Wednesday, 5 February 2014

Yayoi Kusama

Yayoi Kusama


Revived soul-1995- 300X150CM
Kusama is an artist that is still alive today creating work and taking part in large exhibitions such as her one at the Tate Modern London in 2012 which I went to. Kusama has suffered from a mental illness all her life that allows her to see hallucinations which are both visual and aural. In her early years she was told that this was cause by the art and was encouraged to stop creating work, but she took no notice to this and carried on. She made the right decision as it is now proven that this statement isn't correct and her creating works if anything probably helped the illness.

Kusama's work in her early years was very organic and mostly of natural forms and it is suggested that the inspiration of these is from the seed farm that her parents owned when she was a child. Her work then became darker and there was fewer works throughout the war in Japan, she takes a great amount of inspiration from her surroundings and her work is very much in the moment, there isn't a great deal of planning that goes into it. At this time she kept her work very private and she did use it as more of a personal release of emotion.
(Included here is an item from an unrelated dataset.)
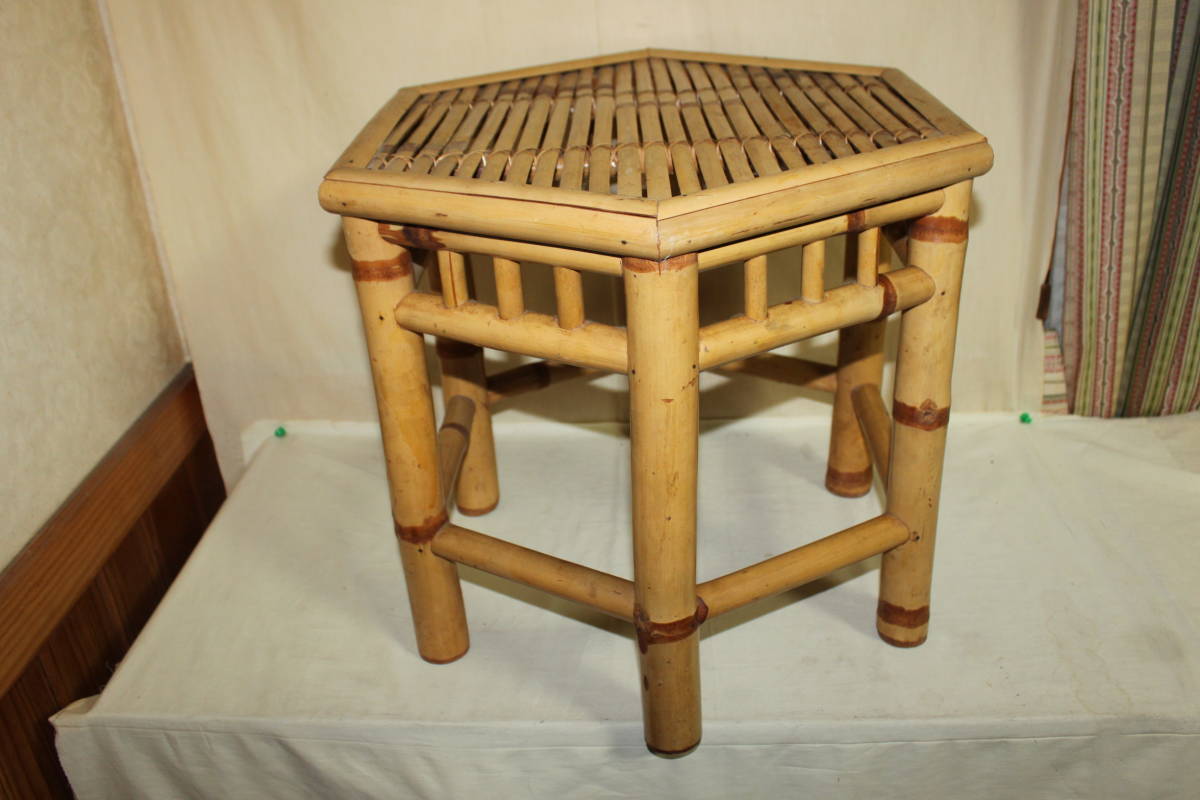 竹製 六角型 香炉台 飾り台 椅子 ベンチ テーブル/花台/盆栽台/煎茶 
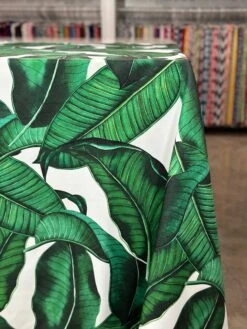 1pc - Beverly (Poly Print) Table Linen In Green/White (90"x132" Banquet) -Urquid Linen Shop PhotoJan262023 33313PM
Infinity Net (white) 1959 194 X259cm
 In interviews later in the life she has said that the head gets so filled with "visions" that she has to let them out and the only way that she and do this is to put them on paper. Her work is a direct translation of what's in her head there is no particular fancy concept behind it, it's just simple and effective. Kusama's work follows the movements of cubism and surrealism, but by mixing the two she gets a new movement; something that no one is able to follow in the same way a strange juxtaposition of the two.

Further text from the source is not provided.